Data provided:
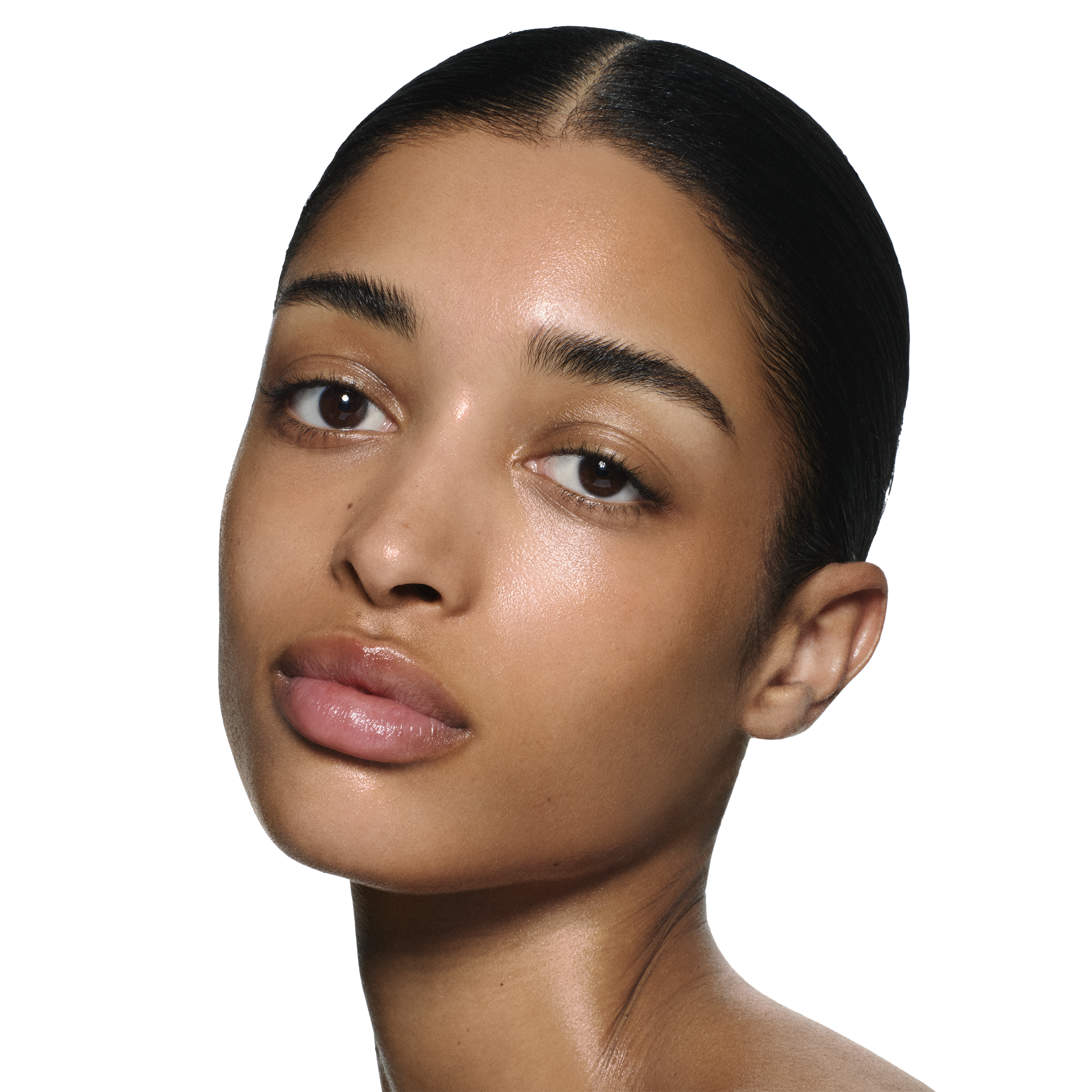 The Cell Rejuvenating Illuminator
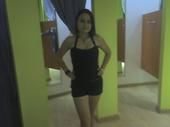 Marcela Lopez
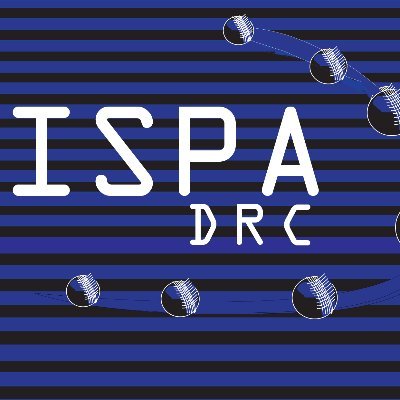 ISPA-DRC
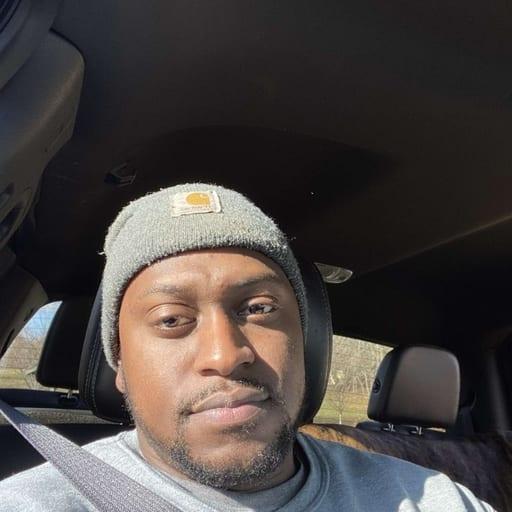 Mikell, Electrical Controls Engineer, Programmer — Automate America
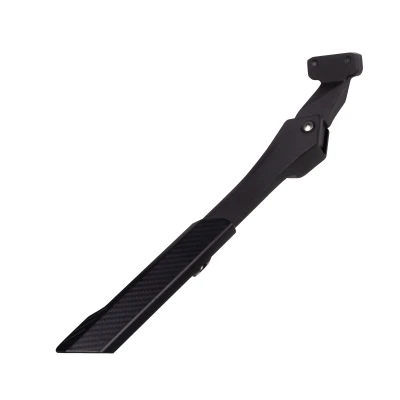Force E-BIKE 24-29" Al zadní 40mm, černý stojánek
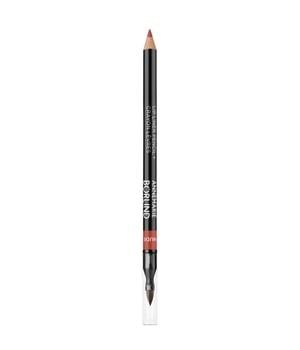 Annemarie Barlind ANNEMARIE BÖRLIND LIP LINER NUDE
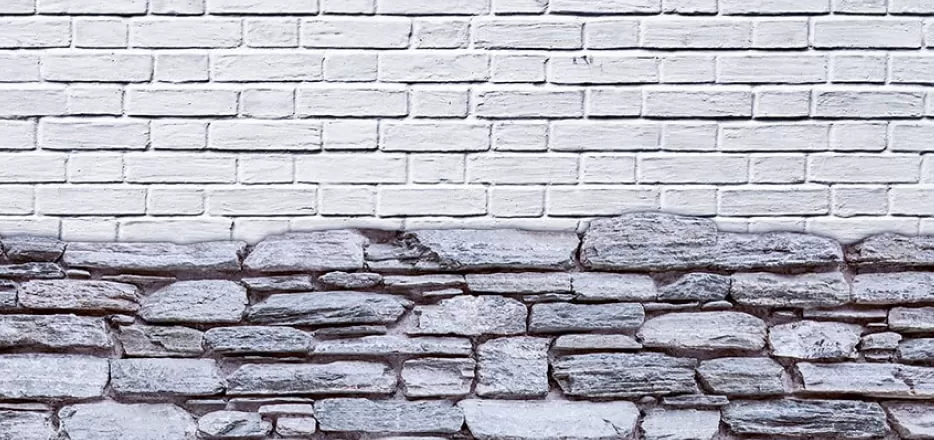 Утепление фасадов и стен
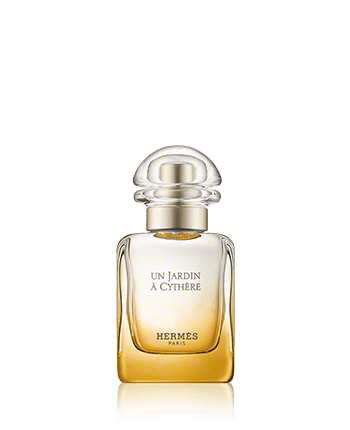 Hermès Un Jardin à Cythère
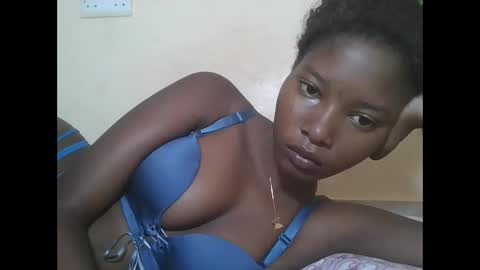 love online show from January 8, 5:32 am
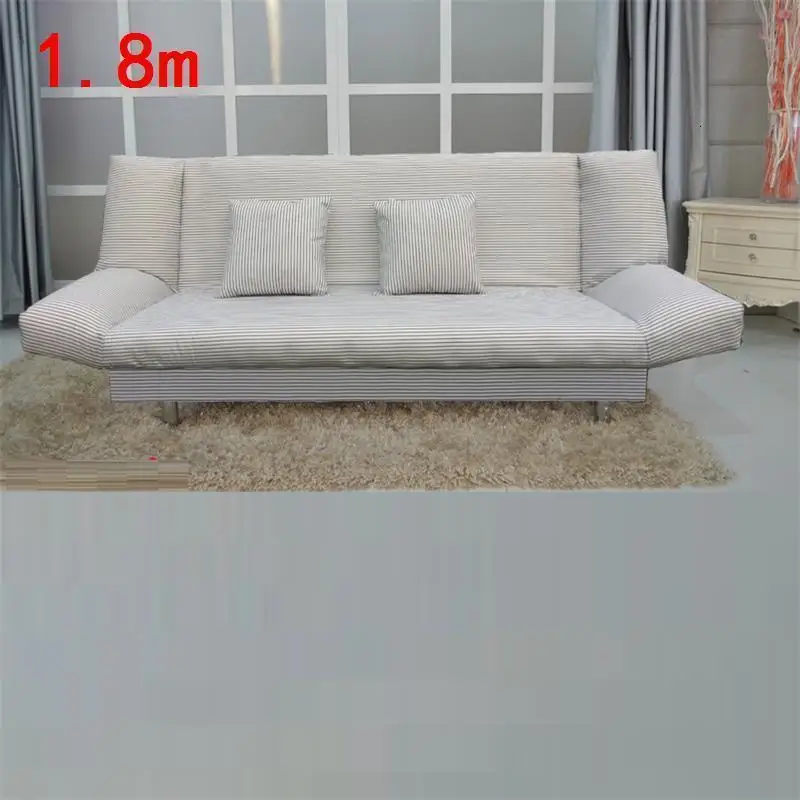 Meubel Zitzak диван Sillon Cama Plegable Puff Asiento складной Divano Letto набор мебели для гостиной мобильный диван-кровать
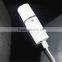Mini Nano handheld humidifier ; Hand-held humidifier ;Portable facial Handheld Humidifier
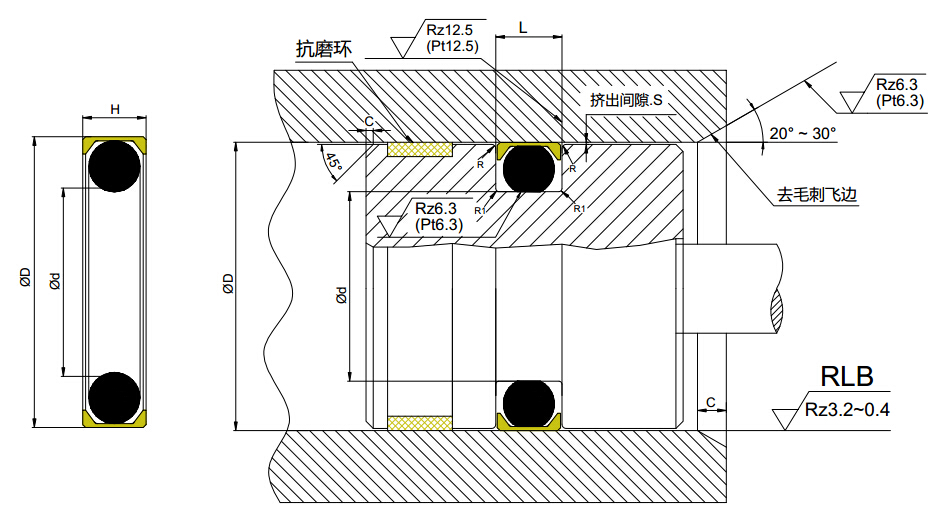 2024新奥门资料大全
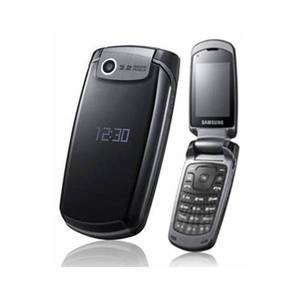 סלולרי Samsung glamis 5511 דור 3,5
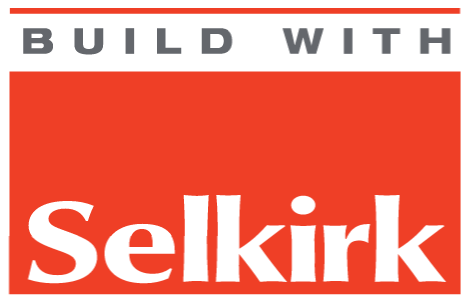 Seikirk-Logo.PNG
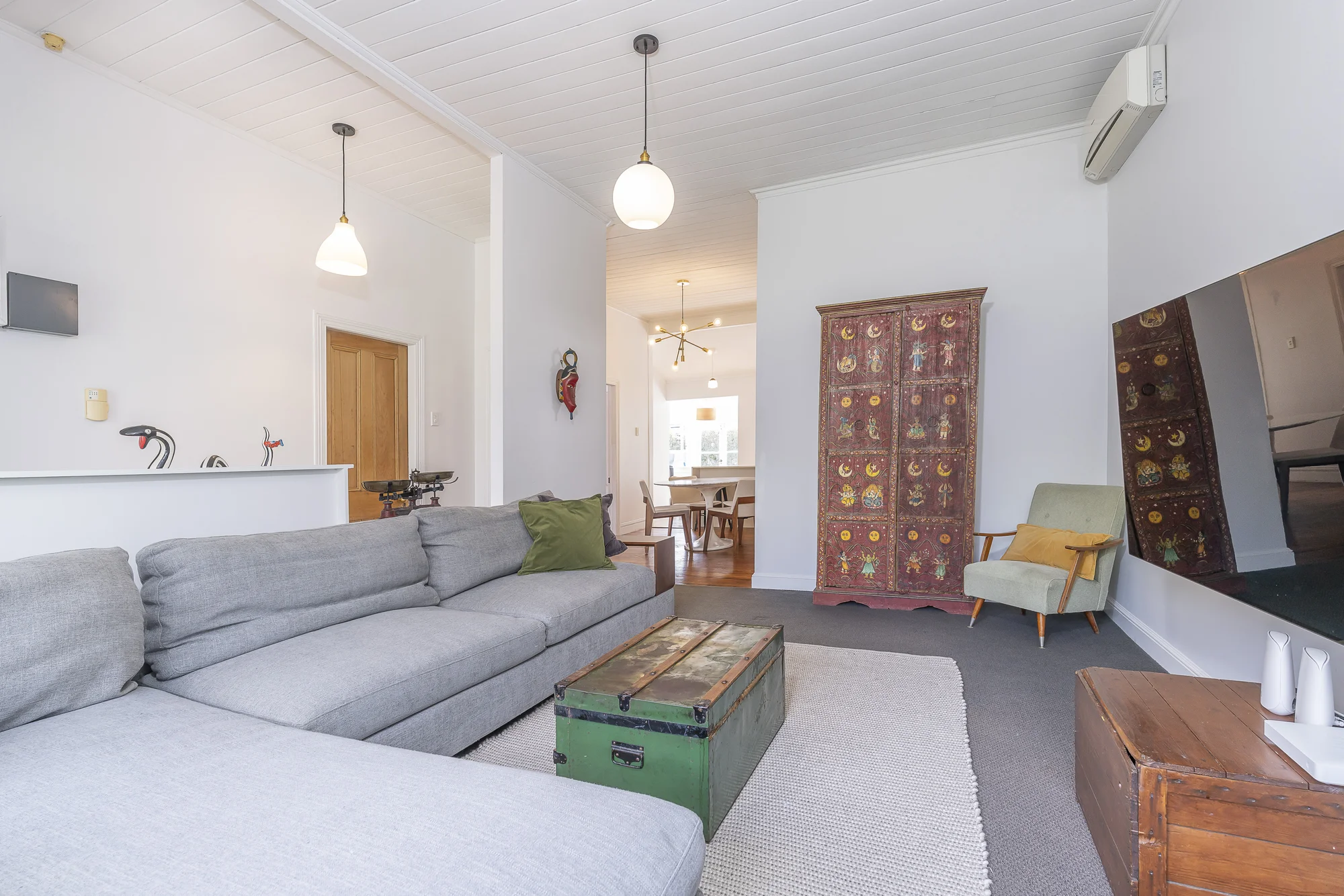 56 King Street, Kingsland, photo 7
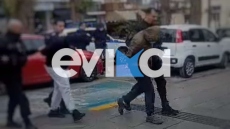 Χαλκίδα: Στην Ανακρίτρια οι συλληφθέντες για την συμπλοκή και τη δολοφονία του 20χρονου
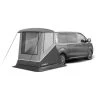 Tenda Per Portellone Posteriore Brunner Escape 2 Tenda Per Portellone Posteriore Brunner Escape -Outdoor Sconto tenda per portellone posteriore brunner escape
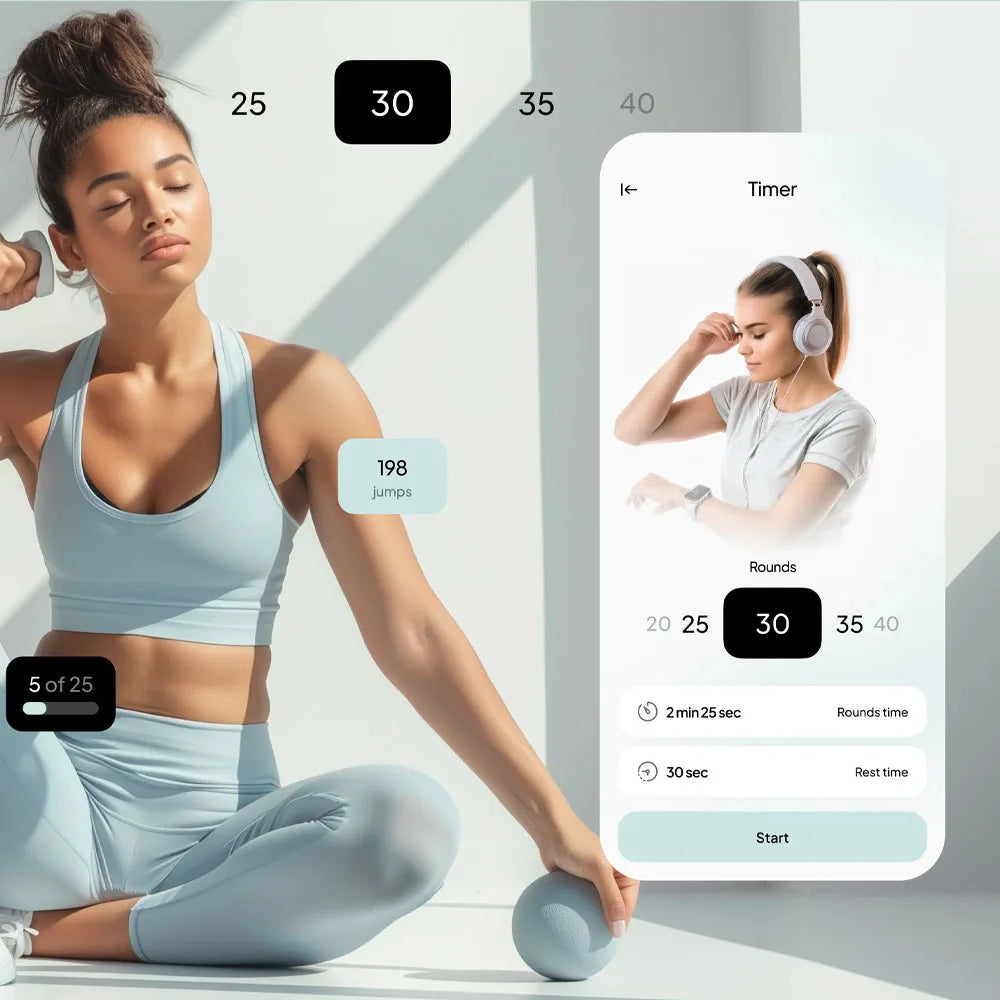 Custom  App Development | Premium Digital Service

Directions for this task:
Starting at the line that contains "Seikirk-Logo.PNG", extract each line through the last line of the material exactly as written, and include no pictures.

Answer to this problem:
 Seikirk-Logo.PNG
 56 King Street, Kingsland, photo 7
 Χαλκίδα: Στην Ανακρίτρια οι συλληφθέντες για την συμπλοκή και τη δολοφονία του 20χρονου
 Tenda Per Portellone Posteriore Brunner Escape 2 Tenda Per Portellone Posteriore Brunner Escape -Outdoor Sconto tenda per portellone posteriore brunner escape
 Custom  App Development | Premium Digital Service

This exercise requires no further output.